Experimental Results
Omni-NegCLIP is evaluated on three architectures: ViT-B/32, ViT-B/16, and ViT-L/14. The method is compared against pretrained CLIP, CoN-CLIP, and NegationCLIP on CC-Neg (presence-based), NegRefCOCOg (absence-based), and COCO retrieval (general capability).
- Presence-Based Negation: Omni-NegCLIP achieves up to 51.60% to 52.65% accuracy improvement over CLIP and up to 45.26% over NegationCLIP.
- Absence-Based Negation: Improvements reach 11.81% to 12.50% over CLIP, and up to 17.07% over CoN-CLIP.
- General Retrieval: In COCO retrieval, Omni-NegCLIP outperforms CLIP by up to 19.62% and maintains high accuracy compared to NegationCLIP.
Notably, Omni-NegCLIP demonstrates balanced performance: Unlike previous methods, it does not overfit to one negation form, providing excellent results on both negation benchmarks as well as general retrieval.
Ablation and Analysis
Systematic ablation studies confirm the necessity of explicit negation discrimination losses and margin penalties. Fine-tuning more than six front layers or inappropriate loss configurations reduces accuracy, emphasizing that front-layer adaptation and nuanced objectives are critical. Proper margin settings (e.g., m=0.9) are essential to enforce text embedding separation without semantic ambiguity.
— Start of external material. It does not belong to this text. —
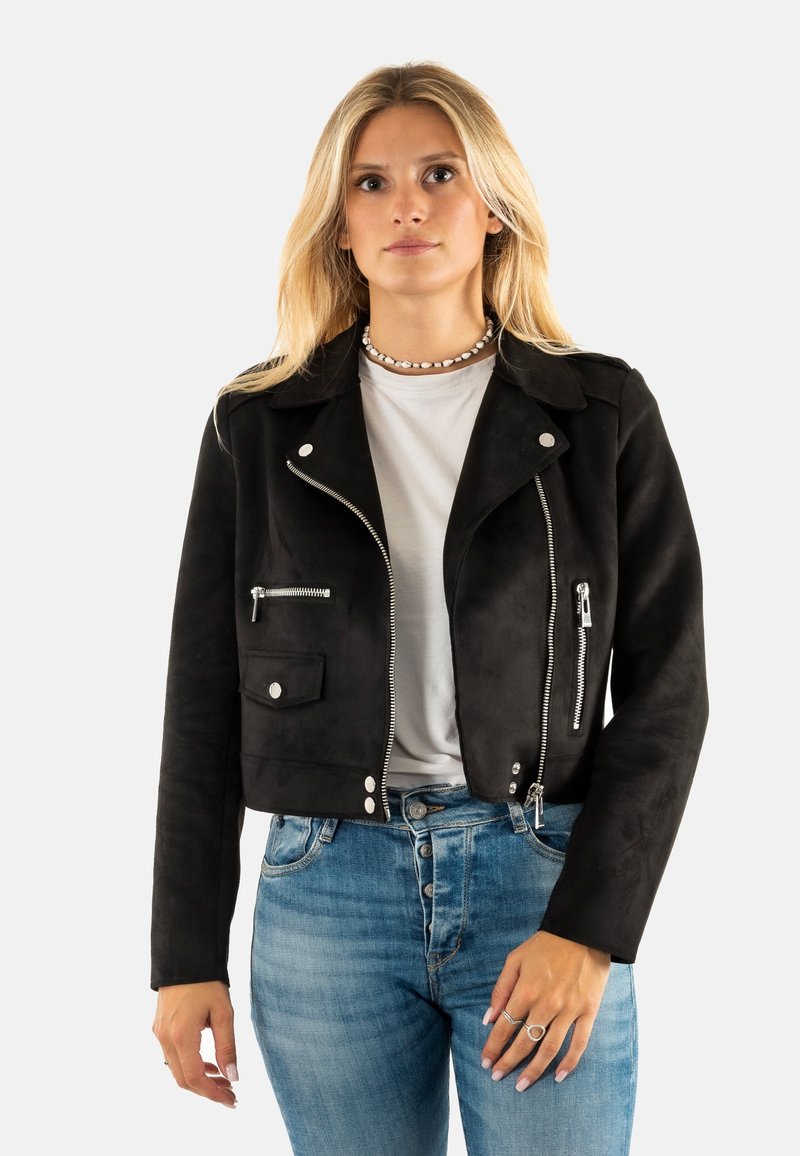 Chaqueta corta de ante negro con cierre frontal, herrajes plateados, bolsillos laterales y un diseño clásico de cuello. Combinada con jeans azules.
Theoretical and Practical Implications
Omni-NegCLIP's architecture and objectives represent a new paradigm for enhancing multimodal models' interpretability and linguistic robustness. By successfully disentangling semantic negation across both presence and absence scenarios, it closes critical gaps in VLM reasoning. The methodology highlights the importance of front-layer transformer adaptation for modeling syntactic and semantic subtleties, suggesting future directions in hierarchical or syntactic-aware fine-tuning protocols for VLMs.
Practically, improved negation comprehension in CLIP unlocks advancement in search, question answering, and generative tasks, enabling models to better handle compositional linguistic phenomena. The results suggest robust transferability to other foundational vision-language architectures.
Conclusion
Omni-NegCLIP introduces front-layer contrastive fine-tuning combined with bespoke objectives for both presence-based and absence-based negation, demonstrably improving CLIP's negation understanding without sacrificing general capability. The findings establish front-layer transformer adaptability as crucial for fine-grained semantic modeling, paving the way for future VLM improvements in linguistic robustness and compositional reasoning.